Guest posting is still worth the effort when the placement is genuinely relevant and lives on a real site with a real audience, and it is a waste of effort (sometimes a liability) when it is run at scale on low-quality sites purely to manufacture links. The deciding factor is not whether guest posting works in the abstract, it is relevance and site quality, not link count.

A relevant placement on a real site earns more than a link. It puts your name in front of an audience that already cares about the topic, it can drive actual referral clicks, and it builds the kind of brand recognition and topical association that compounds.

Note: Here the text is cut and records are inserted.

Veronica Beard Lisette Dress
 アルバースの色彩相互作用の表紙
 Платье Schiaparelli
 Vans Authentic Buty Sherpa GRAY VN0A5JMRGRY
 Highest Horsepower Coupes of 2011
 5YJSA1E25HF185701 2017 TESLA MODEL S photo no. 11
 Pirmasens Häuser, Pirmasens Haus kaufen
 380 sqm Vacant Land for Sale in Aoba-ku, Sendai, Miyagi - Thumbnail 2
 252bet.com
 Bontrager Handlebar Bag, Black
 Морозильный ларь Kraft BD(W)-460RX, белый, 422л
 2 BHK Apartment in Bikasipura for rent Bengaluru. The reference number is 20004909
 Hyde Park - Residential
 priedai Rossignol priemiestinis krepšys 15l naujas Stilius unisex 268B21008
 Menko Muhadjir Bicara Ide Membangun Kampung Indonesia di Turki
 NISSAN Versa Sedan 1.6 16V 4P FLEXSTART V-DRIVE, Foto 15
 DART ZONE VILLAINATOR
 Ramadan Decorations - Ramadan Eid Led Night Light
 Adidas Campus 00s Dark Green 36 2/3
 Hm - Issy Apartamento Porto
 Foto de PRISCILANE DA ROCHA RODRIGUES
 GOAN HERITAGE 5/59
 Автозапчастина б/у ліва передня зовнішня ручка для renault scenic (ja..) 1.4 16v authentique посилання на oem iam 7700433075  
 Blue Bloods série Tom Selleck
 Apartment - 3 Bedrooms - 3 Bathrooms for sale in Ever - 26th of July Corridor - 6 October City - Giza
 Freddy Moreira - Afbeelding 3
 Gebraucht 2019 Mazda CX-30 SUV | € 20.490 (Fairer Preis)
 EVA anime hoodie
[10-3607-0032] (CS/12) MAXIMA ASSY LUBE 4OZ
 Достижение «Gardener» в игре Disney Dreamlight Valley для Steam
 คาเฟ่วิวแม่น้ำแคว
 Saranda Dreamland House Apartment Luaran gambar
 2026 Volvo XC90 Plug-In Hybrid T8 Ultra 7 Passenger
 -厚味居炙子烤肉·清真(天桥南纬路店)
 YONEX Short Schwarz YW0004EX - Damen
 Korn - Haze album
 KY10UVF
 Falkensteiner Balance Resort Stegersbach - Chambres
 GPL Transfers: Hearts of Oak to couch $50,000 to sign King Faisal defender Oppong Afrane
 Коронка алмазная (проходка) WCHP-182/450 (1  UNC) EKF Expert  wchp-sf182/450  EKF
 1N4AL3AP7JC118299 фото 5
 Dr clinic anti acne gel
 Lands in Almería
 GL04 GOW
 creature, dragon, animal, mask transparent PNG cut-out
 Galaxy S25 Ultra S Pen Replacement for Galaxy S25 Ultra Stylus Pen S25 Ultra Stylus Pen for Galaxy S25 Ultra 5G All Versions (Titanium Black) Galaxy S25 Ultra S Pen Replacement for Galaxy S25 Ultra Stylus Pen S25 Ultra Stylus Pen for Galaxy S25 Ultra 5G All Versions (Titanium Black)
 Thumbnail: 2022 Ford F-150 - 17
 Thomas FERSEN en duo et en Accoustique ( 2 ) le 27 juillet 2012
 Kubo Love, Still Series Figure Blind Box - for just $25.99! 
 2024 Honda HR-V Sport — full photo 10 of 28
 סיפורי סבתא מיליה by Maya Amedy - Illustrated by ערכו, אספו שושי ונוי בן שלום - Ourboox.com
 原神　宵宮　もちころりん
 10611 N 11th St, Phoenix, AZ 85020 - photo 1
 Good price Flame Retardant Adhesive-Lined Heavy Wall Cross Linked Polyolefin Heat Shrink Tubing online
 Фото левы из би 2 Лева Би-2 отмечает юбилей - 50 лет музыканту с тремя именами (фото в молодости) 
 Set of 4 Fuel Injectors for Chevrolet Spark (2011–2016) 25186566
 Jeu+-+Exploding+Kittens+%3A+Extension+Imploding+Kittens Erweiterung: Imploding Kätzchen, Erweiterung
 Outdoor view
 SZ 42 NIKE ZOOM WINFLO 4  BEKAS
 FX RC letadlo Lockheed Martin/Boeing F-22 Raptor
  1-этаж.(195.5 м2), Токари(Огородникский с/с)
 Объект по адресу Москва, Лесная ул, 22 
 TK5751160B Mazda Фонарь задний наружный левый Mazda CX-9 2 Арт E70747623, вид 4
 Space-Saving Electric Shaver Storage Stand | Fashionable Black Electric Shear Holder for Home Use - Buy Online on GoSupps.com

When a site that genuinely covers your field links to you in the natural course of a useful article, that link carries weight because everything around it is real: the editorial standards, the readership, the relevance of the surrounding content. That is the kind of guest post worth chasing.

The other kind is the problem. Mass guest posting on thin, off-topic sites that exist mainly to publish anyone’s article for a fee is a pattern Google has spent years learning to recognize. Links from those placements get discounted at best, and at scale they can read as a manipulation footprint that invites trouble. The tell is intent: if the article was written to host a link rather than to inform a reader, and if the host site would publish anything from anyone, the placement is working against you no matter how many of them you stack up.

So the pivot is simple to state and harder to honor: pursue placements you would be glad to have your name on, on sites you would read yourself, where the link is incidental to a piece that actually belongs there. Walk away from the ones whose only product is the link.

Before you commit to a guest-posting effort, look at the target site and ask whether you would value the placement even if it carried no link at all. Pursue the ones that pass that test, and avoid the link-farm style outreach that treats publication as a vending machine.